### TASK GOAL
For this item, repeat the material exactly while omitting its pictures.

### INFORMATION PROVIDED
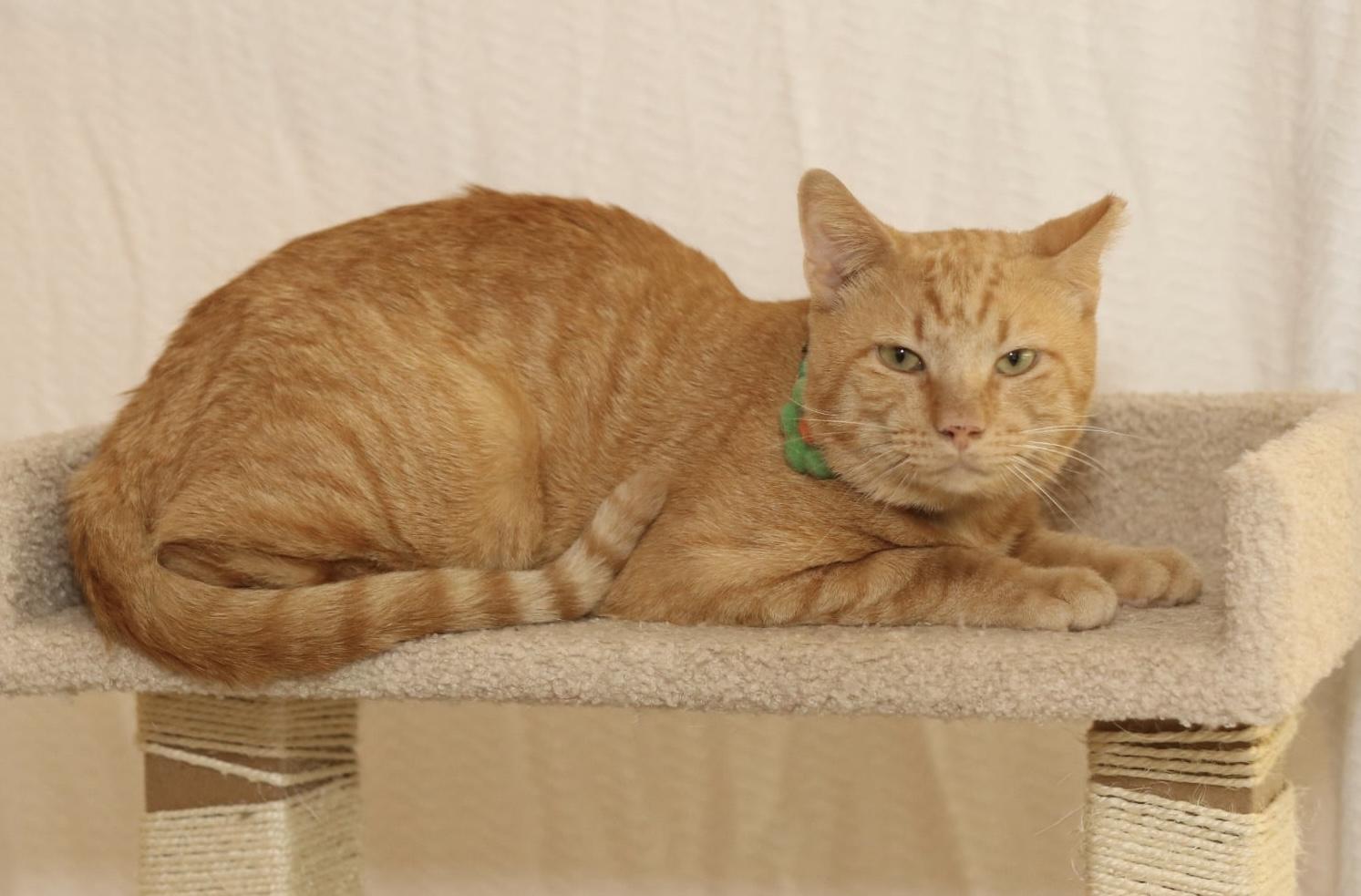 String Cheese, an adopted Tabby in Houston, TX image 3/6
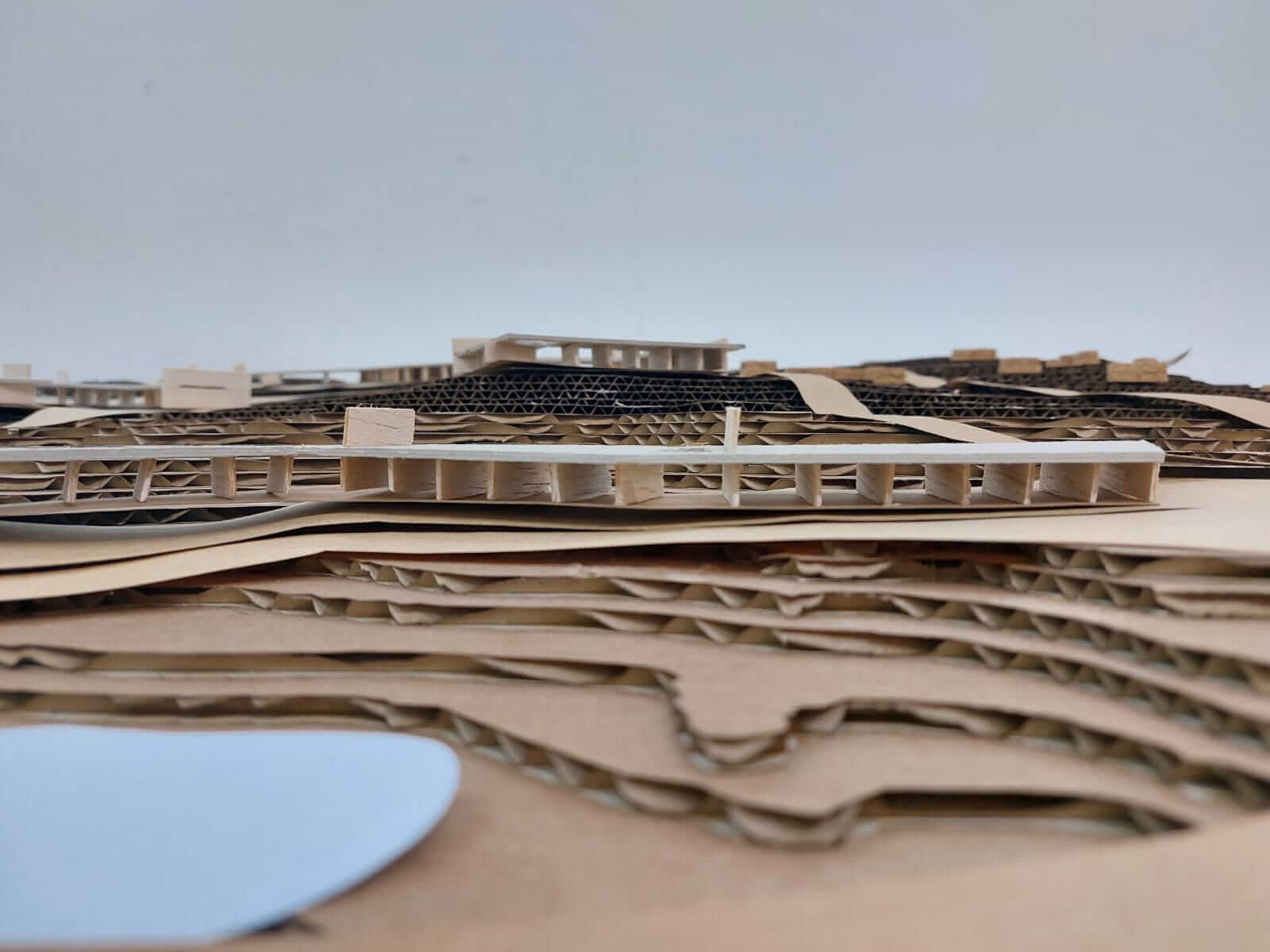 WhatsApp Image 2025-09-24 at 15.58.37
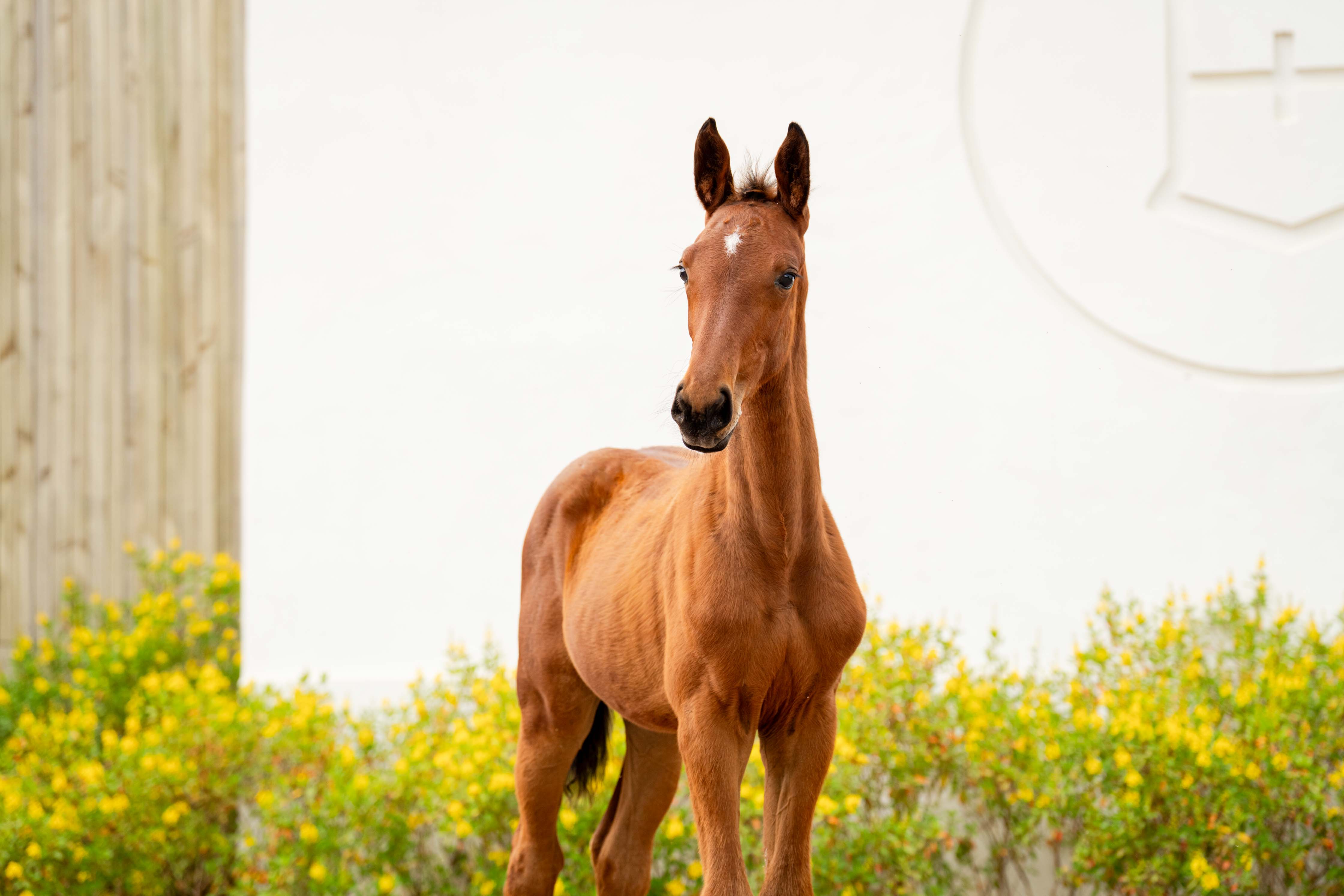 EQUICENTER PRIMABELLA ENTREVERO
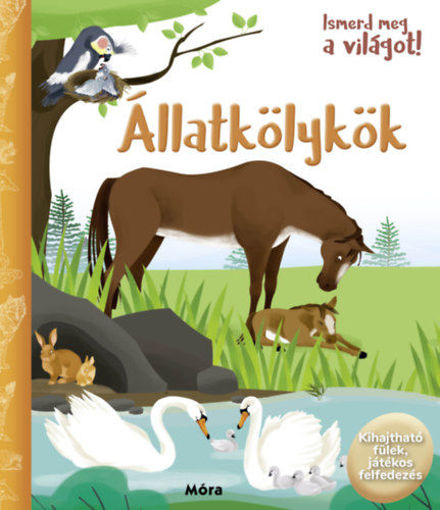 Ismerd meg a világot! - Állatkölykök termékhez kapcsolódó kép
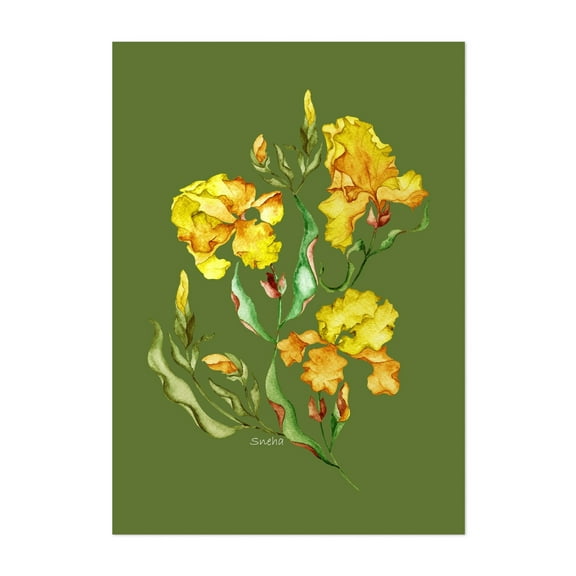Swirling Watercolour Irises - India Painting Watercolor Floral Botanical Flowers Nature Illustration Garden Unframed Wall Art Print 24 x 36 inches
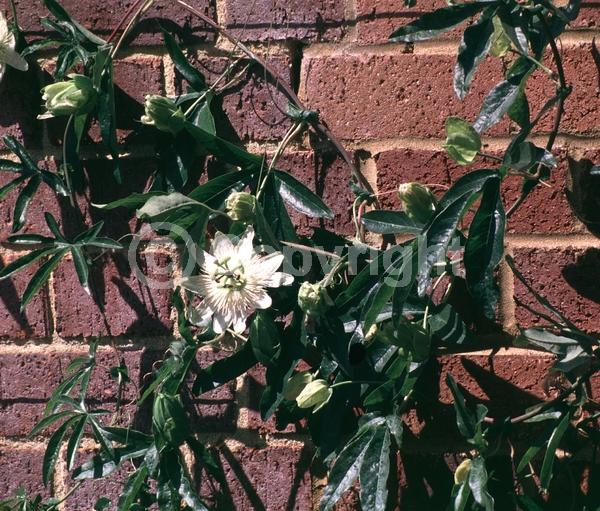 White blooms; Evergreen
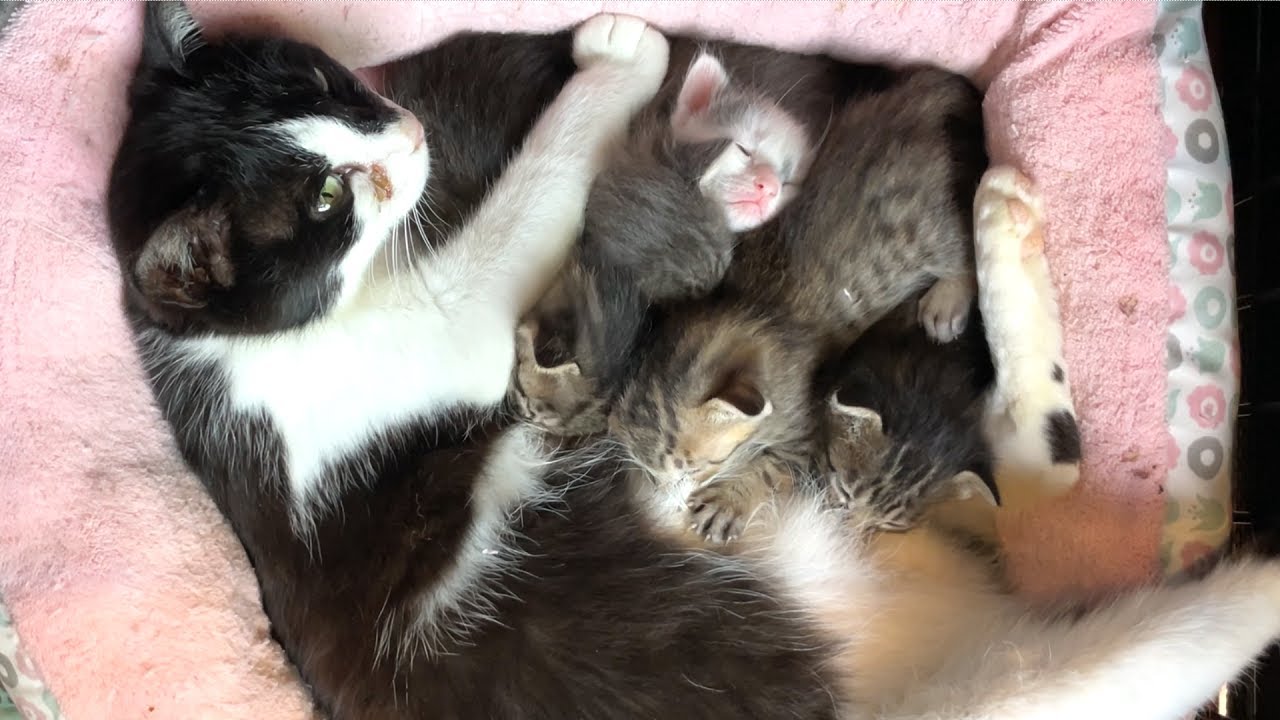 【保護猫一家】すくすく育つ可愛いすぎる子猫達！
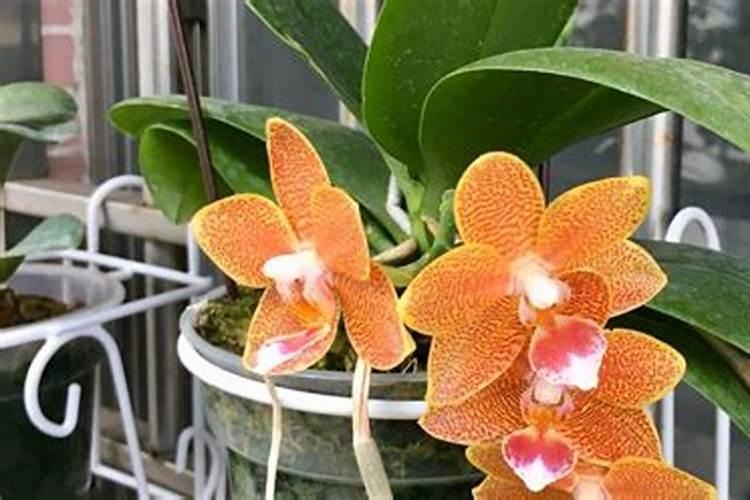 牡丹喷叶面肥注意,新上盆牡丹能用吗？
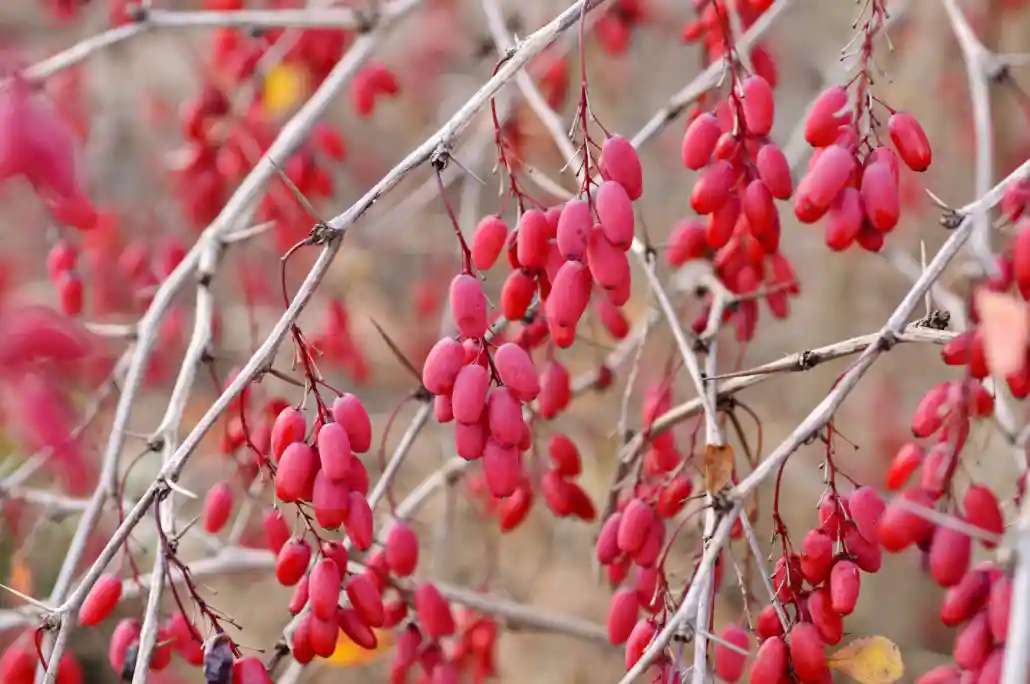 خریدناب ترین عسل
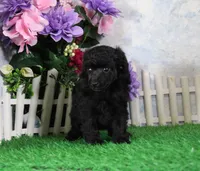 Jenny, AKC Champion Sired, a female Poodle - Toy  for sale in Butler, MO – 4 of 4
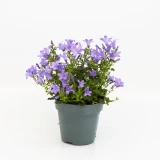 Campanula 'portenschlagiana'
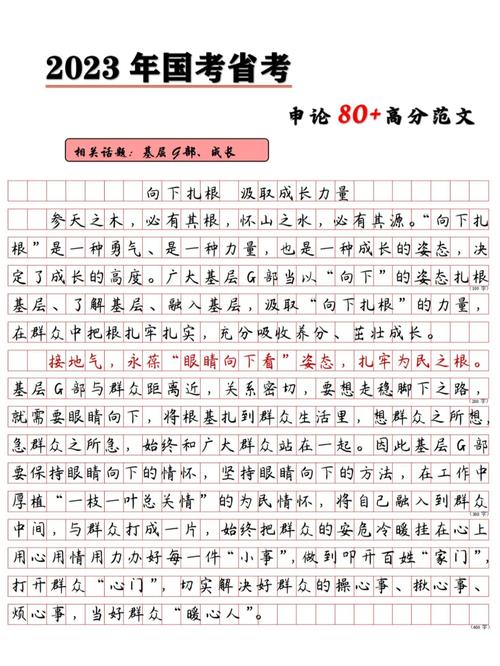 從教訓(xùn)貓咪中汲取成長的養(yǎng)分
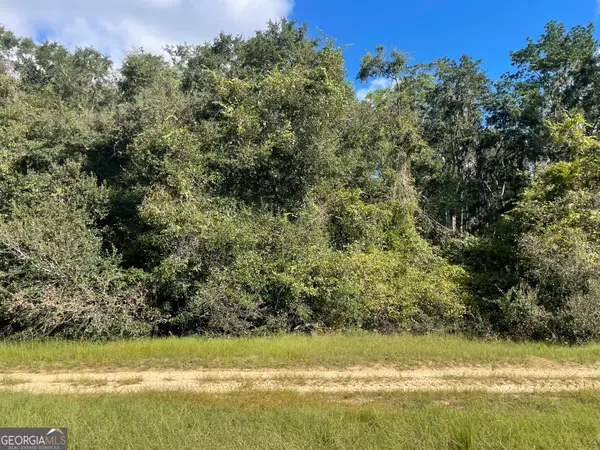 535 Maggies Lake Road Ne, Glennville, GA 30427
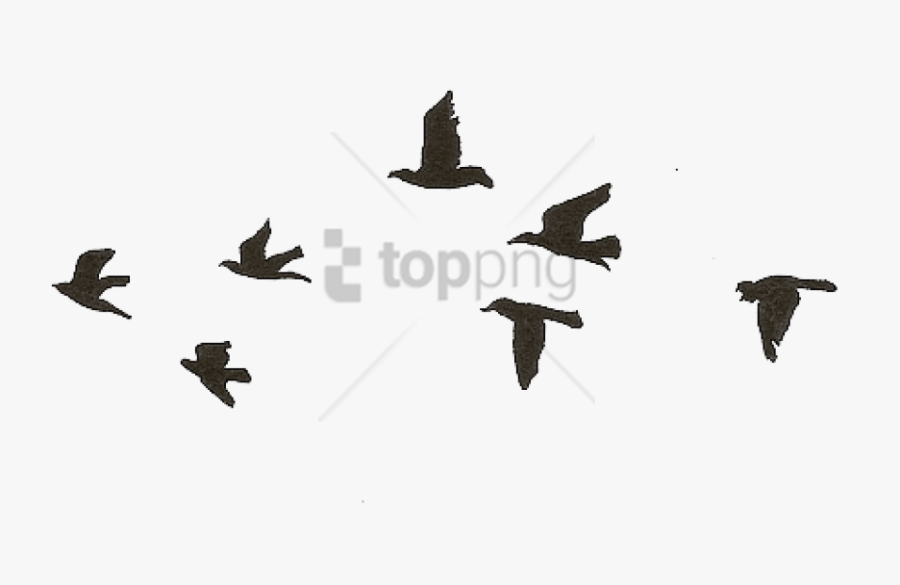 Bird Gif Png - Birds Flying Gif Png, Transparent Clipart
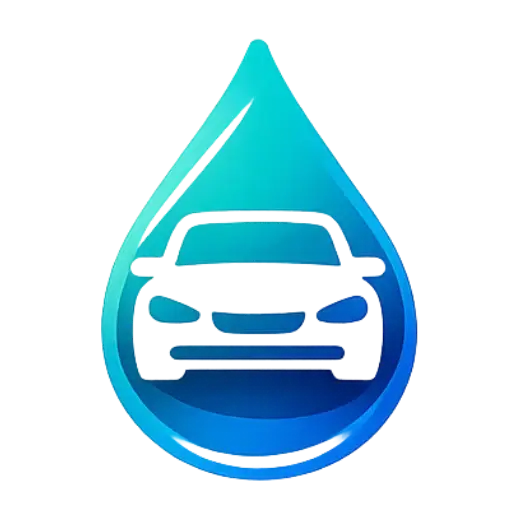 Lavage auto à domicile Raves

### TASK RESULT
 String Cheese, an adopted Tabby in Houston, TX image 3/6
 WhatsApp Image 2025-09-24 at 15.58.37
 EQUICENTER PRIMABELLA ENTREVERO
 Ismerd meg a világot! - Állatkölykök termékhez kapcsolódó kép
Swirling Watercolour Irises - India Painting Watercolor Floral Botanical Flowers Nature Illustration Garden Unframed Wall Art Print 24 x 36 inches
 White blooms; Evergreen
 【保護猫一家】すくすく育つ可愛いすぎる子猫達！
 牡丹喷叶面肥注意,新上盆牡丹能用吗？
 خریدناب ترین عسل
 Jenny, AKC Champion Sired, a female Poodle - Toy  for sale in Butler, MO – 4 of 4
 Campanula 'portenschlagiana'
 從教訓(xùn)貓咪中汲取成長的養(yǎng)分
 535 Maggies Lake Road Ne, Glennville, GA 30427
 Bird Gif Png - Birds Flying Gif Png, Transparent Clipart
 Lavage auto à domicile Raves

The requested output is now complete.